▶ [Supplied material]:
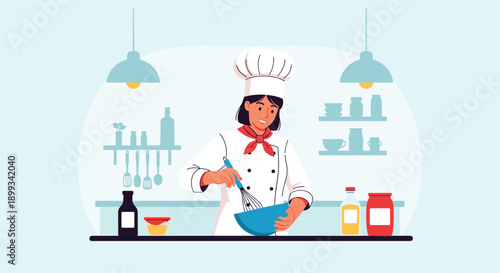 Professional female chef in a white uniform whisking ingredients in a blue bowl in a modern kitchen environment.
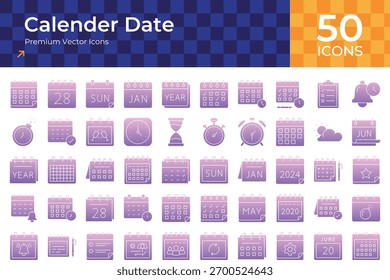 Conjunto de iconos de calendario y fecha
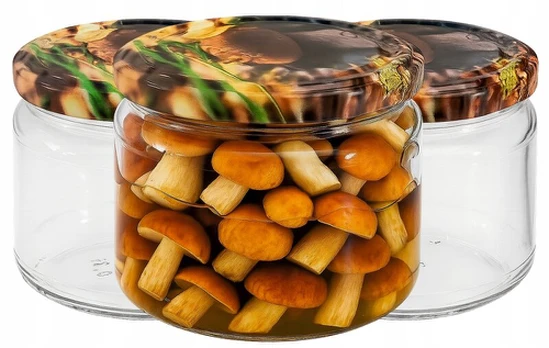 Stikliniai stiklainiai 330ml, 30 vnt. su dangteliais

* * *

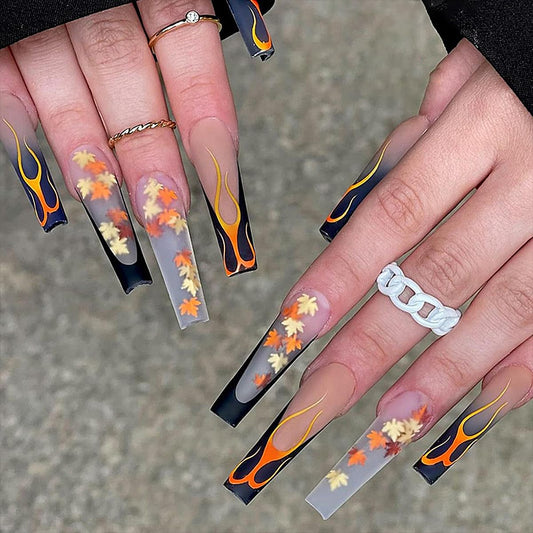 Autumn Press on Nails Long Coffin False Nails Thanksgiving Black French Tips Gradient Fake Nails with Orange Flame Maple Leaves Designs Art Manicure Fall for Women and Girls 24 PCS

▶ [Work item]: Out of the records above, set down only the lines from the one that contains "Conjunto de iconos de calendario y fecha" through the one that contains "Stikliniai stiklainiai 330ml, 30", unchanged and without the pictures.

▶ [Result]:
 Conjunto de iconos de calendario y fecha
 Stikliniai stiklainiai 330ml, 30 vnt. su dangteliais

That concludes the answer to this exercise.